Extreme Subtlety
2.23.2001
---   2:02 AM
  WAKE

Well, on Tuesday, I woke up to the telephone at 2 PM. For some odd reason, the first thing that popped into my head was the concept of motivation. Why do I want to do things? Why do I not do things I know I should do? For the rest of the day, I would be analyzing my activities, and realizing when I started drifting from the tasks I had set out for myself. I told myself to finish an adaptation subroutine of this thing I'm working on, clean my house, and send out all my bills, applications, and other paperwork.
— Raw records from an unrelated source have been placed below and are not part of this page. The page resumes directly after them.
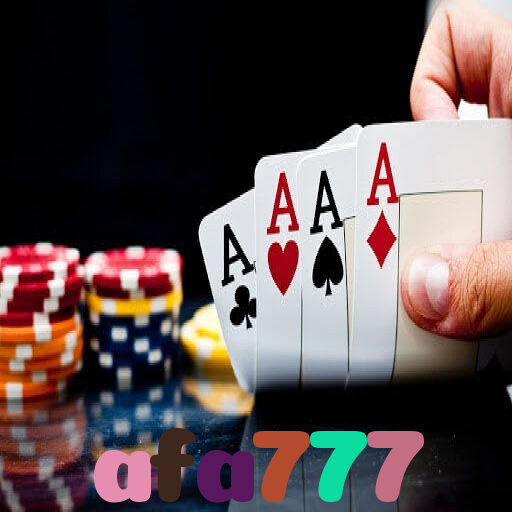 afa777：Aposte no futebol, jogue poker e conquiste vitórias épicas!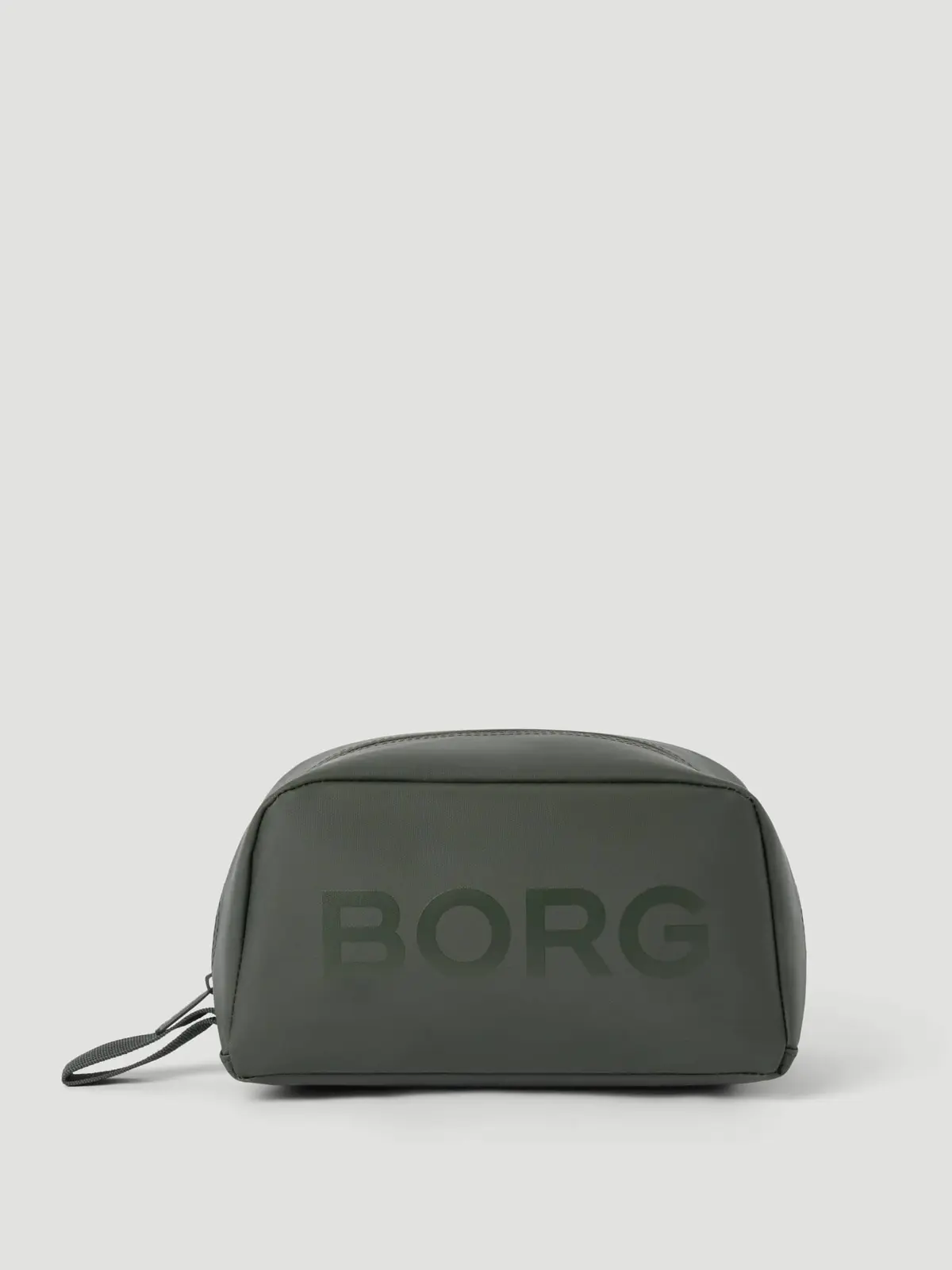 Borg Duffle Wash Bag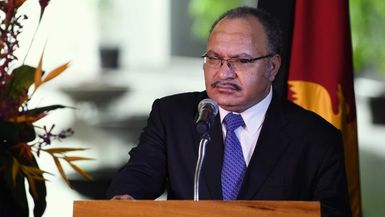 PNG Prime Minister rushes to regroup after resignation upheaval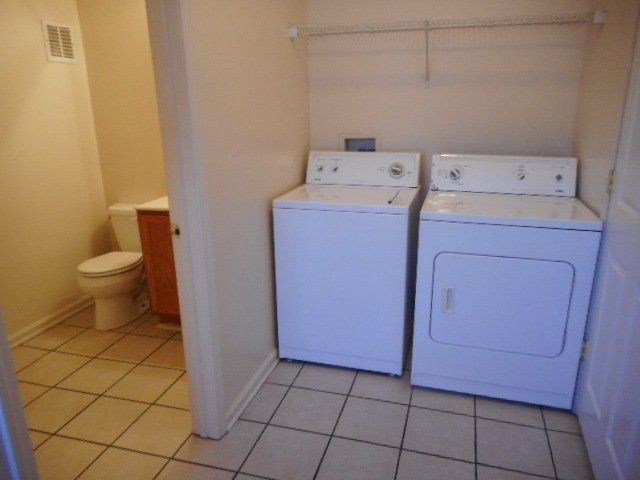laundry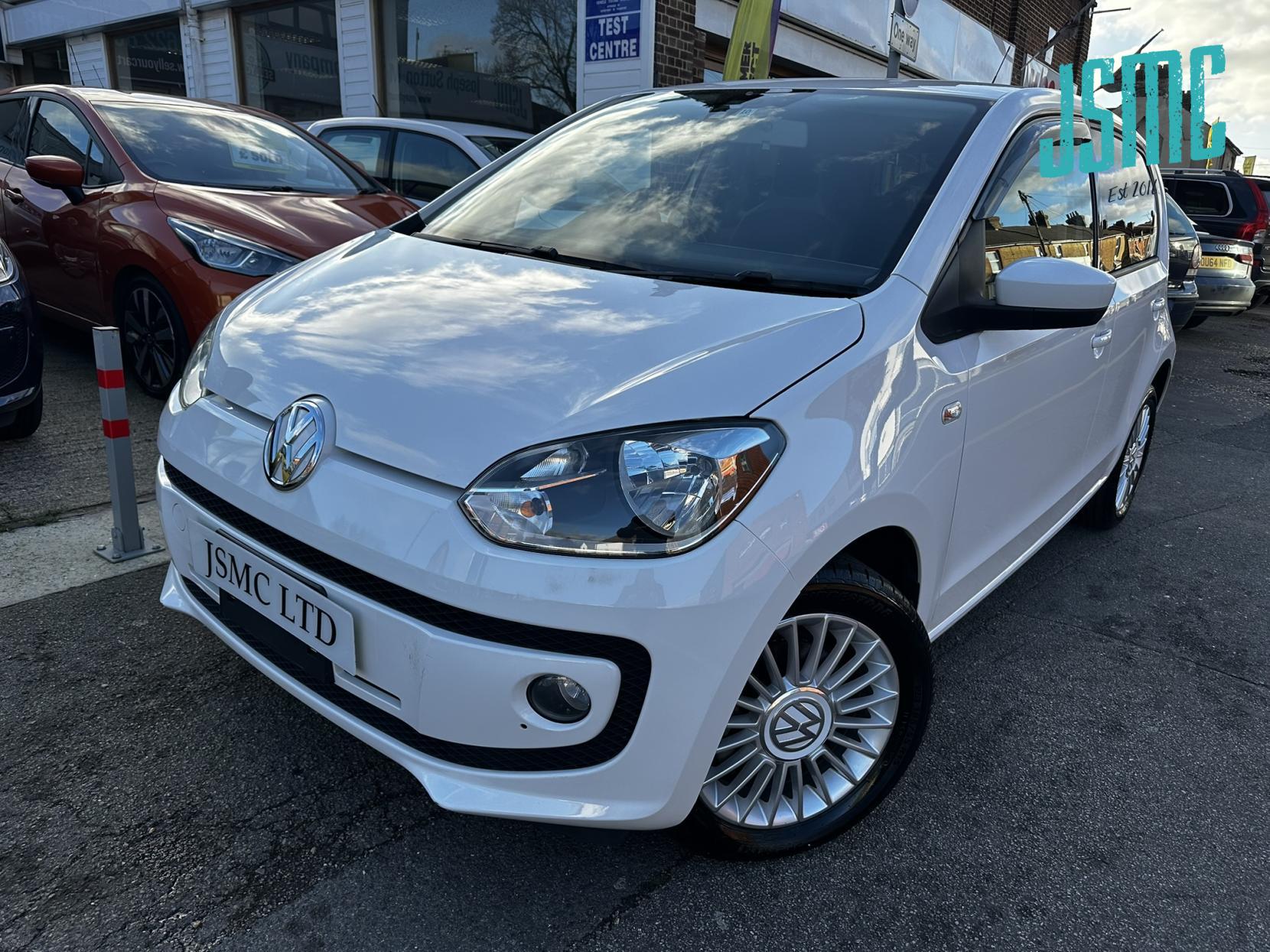 Volkswagen up! 1.0 High up! Hatchback 5dr Petrol ASG Euro 5 (75 ps)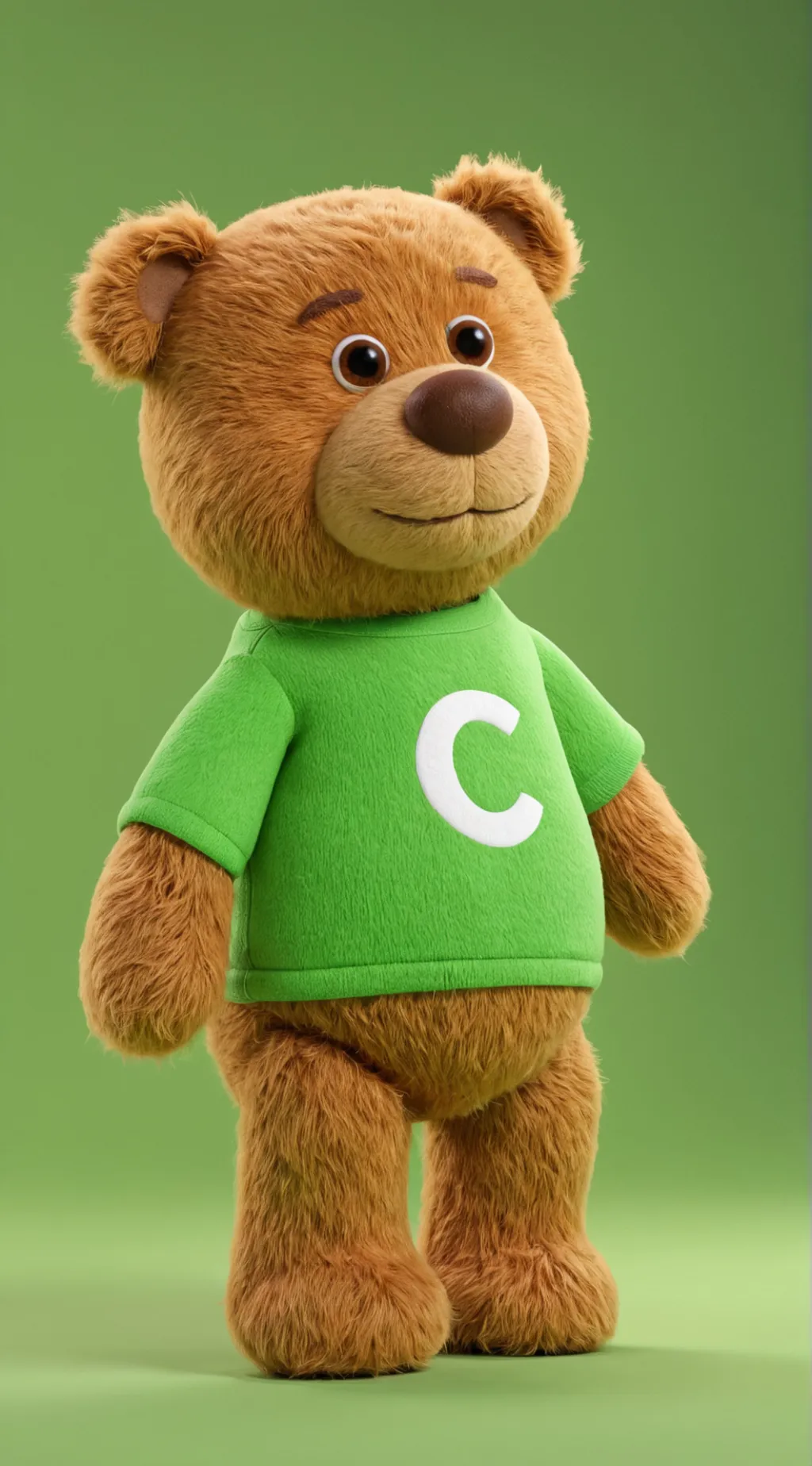 ai character: Tippy background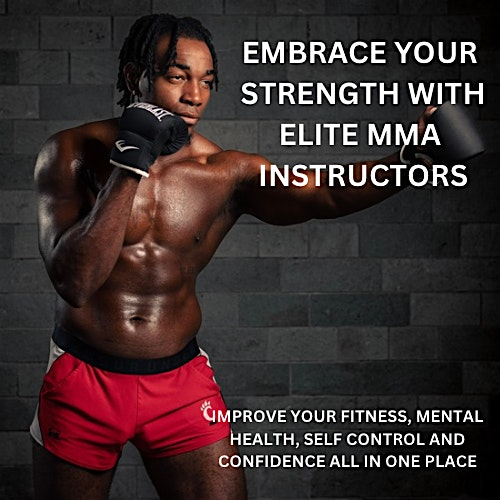 MMA For beginners | 900 S Miami Ave unit 236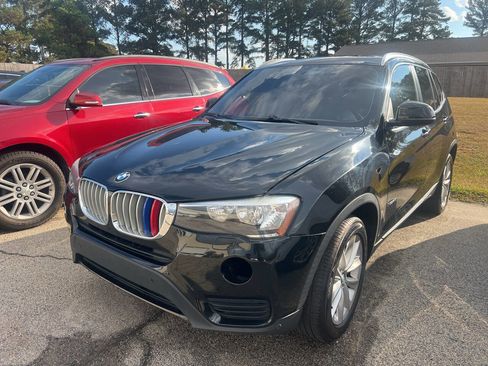 Used 2017 BMW X3 xDrive28i image 1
Unexpectedly, I found myself having to partially disassemble my vacuum cleaner.I had noticed an increasingly powerful odor of burning human hair as I vacuumed. I didn't accurately identify it during previous vacuuming sessions. I thought it was the scent of scorched rubber from the belt, perhaps being blown out of the exhaust. It seemed odd that I would smell the exhaust, since it's forced through a HEPA filter, but I have little experience with vacuums. I didn't know that you have to periodically take them apart and clean them. For once, though, I decided to. Upon removal of the lower cover, I discovered approximately three large weasels worth of my own hair, wadded up in the machinery, clogging ports, and wound tightly around the roller. Yuk.

The burning smell was apparently coming from hair that had wound around the bushings on either side of the roller, rubbing against the rotating brush. I used a pair of scissors to try and scrape the hair away from the bushing, so I could cut it off. Then I realized that there weren't actually bushings on the sides of the roller. The hair had wound itself so tightly, it had formed nearly solid pucks of hair-material. I had to remove these with diagonal cutters. INSIDE the roller, there was some kind of fibrous bushing (probably asbestos), which I spent a good five minutes crumbling little bits of burned-on hair material out of, releasing clouds of (probably carcinogenic) fibrous particles into the air. So gross.

After re-assembly, the vacuum regained the hundreds of (what units are used to measure sucking power? Lewinskys? Enh, atmospheres.) amps of power it had been devoting to hair-disintegration, and wooshed my carpet astonishingly clean. It was such a huge win, I almost want to clog it up again, just so I can re-clean it. ... No I don't.

This reminds me of a story my Mom once told me about the time one of her brothers got the earwax cleaned out of his ears, and it felt so good to have them unplugged that he - well, it's not a very good story.

After a bunch of stooping and wiping and organizing and dusting, my house was clean. Then I mixed down a CD of practice tracks for my band, and then Brian came over and recorded a few takes. Before he left, I soldered his broken glasses back together, and improvised a nose-pad out of some leftover buffing pads I had, originally intended to fit a Dremel tool.

Then I realized that it was midnight on Wednesday, and I had been active for nearly 44 hours straight. Let's hear it for motivation. Oh, and coffee.

Today, I woke up fairly early and went into the OFFICE. Working in an office is neat! There's people! I have to do it twice a week. The only downside is that the people who have to work there everyday seem to resent me a little bit and have started to store things in my cubicle, which I avoid in preference for the conference room.

Gee, what else did I do today? Well, while at the office, I realized my Windows machine at home had its mail client open and was checking (and deleting) my mail every 5 minutes. It is protected against every remote crash I know of. Then I realized I could log into my router and firewall the machine off from the world, solving the exercise. ha ha, boy I felt clever when that worked. Of course, I accidentally firewalled my entire home network off from the world at first. This would be very hard to reverse if there weren't a "back door" into the network. (I felt clever for having that, too.) Also, I work with people who write convoluted ACL rules in their sleep, so I don't get to feel especially clever about that part.

Wow! My house is clean! I don't remember doing all the stuff it must have taken to get it like this.

Right before I went to sleep, I felt like I was melting, oozing over my chair like a digital Dali clock. Warm, yet numb.